Available records ::
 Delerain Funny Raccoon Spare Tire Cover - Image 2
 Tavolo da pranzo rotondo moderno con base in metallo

...

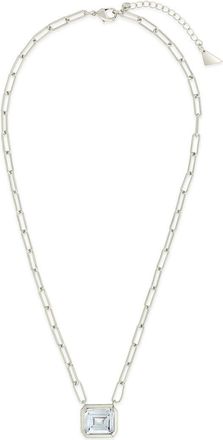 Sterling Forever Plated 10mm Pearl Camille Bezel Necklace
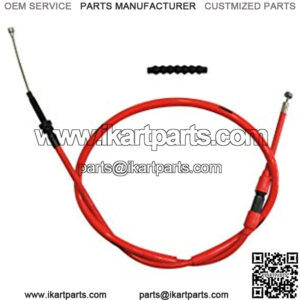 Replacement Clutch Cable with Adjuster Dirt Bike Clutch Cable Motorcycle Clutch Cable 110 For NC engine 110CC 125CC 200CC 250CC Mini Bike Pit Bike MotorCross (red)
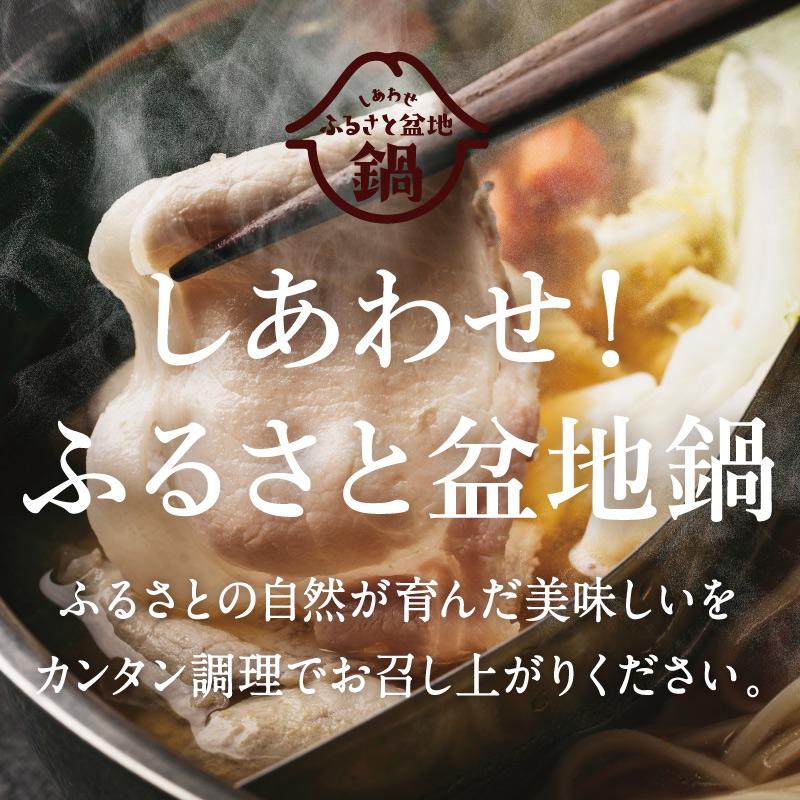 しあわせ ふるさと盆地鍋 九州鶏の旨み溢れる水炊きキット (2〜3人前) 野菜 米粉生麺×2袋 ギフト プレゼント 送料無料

Task :: Reproduce exactly, with no pictures, the lines above from the one holding "Replacement Clutch Cable" to the one holding "しあわせ ふるさと盆地鍋 九州鶏の旨み溢れる水炊きキット", inclusive.

Worked solution ::
 Replacement Clutch Cable with Adjuster Dirt Bike Clutch Cable Motorcycle Clutch Cable 110 For NC engine 110CC 125CC 200CC 250CC Mini Bike Pit Bike MotorCross (red)
 しあわせ ふるさと盆地鍋 九州鶏の旨み溢れる水炊きキット (2〜3人前) 野菜 米粉生麺×2袋 ギフト プレゼント 送料無料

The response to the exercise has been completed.